Web page caption snippets
◇ ◇ ◇

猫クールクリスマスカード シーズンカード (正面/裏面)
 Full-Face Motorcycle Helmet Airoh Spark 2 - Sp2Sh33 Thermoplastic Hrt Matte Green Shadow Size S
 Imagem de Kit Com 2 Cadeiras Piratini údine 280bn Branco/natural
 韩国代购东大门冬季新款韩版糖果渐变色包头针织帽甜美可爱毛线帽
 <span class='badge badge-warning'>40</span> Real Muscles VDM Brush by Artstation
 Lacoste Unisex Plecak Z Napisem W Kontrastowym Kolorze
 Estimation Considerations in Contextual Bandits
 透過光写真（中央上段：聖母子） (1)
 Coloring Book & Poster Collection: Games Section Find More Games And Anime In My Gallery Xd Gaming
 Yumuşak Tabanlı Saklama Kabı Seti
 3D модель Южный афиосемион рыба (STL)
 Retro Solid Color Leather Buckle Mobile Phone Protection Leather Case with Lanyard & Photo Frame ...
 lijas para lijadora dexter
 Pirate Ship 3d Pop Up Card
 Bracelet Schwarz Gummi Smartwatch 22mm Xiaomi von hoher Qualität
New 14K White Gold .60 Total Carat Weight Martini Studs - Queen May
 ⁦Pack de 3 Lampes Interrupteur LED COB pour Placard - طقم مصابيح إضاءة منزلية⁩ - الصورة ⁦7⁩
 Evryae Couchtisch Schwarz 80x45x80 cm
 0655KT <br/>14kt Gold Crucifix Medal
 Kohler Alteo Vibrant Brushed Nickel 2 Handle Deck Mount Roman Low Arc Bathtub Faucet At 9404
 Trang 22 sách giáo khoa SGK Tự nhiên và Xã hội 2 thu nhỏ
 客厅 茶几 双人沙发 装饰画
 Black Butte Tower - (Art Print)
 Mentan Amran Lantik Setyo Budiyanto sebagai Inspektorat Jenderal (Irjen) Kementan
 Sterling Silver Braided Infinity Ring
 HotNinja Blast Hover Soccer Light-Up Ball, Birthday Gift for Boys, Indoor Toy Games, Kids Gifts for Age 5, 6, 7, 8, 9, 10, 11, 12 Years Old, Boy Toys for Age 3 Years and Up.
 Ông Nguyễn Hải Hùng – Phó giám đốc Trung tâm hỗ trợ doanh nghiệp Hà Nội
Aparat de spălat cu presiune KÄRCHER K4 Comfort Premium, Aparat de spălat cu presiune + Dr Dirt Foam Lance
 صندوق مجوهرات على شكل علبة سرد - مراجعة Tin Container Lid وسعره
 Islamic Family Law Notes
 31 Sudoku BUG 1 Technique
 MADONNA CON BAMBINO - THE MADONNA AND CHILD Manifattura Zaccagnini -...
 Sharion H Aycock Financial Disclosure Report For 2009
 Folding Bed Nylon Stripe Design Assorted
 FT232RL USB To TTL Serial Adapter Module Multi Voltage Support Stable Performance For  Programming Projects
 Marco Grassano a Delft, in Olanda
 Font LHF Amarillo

◇ ◇ ◇

In the records above, each line with the string "Games" should be copied.

### Response area
 Coloring Book & Poster Collection: Games Section Find More Games And Anime In My Gallery Xd Gaming
 HotNinja Blast Hover Soccer Light-Up Ball, Birthday Gift for Boys, Indoor Toy Games, Kids Gifts for Age 5, 6, 7, 8, 9, 10, 11, 12 Years Old, Boy Toys for Age 3 Years and Up.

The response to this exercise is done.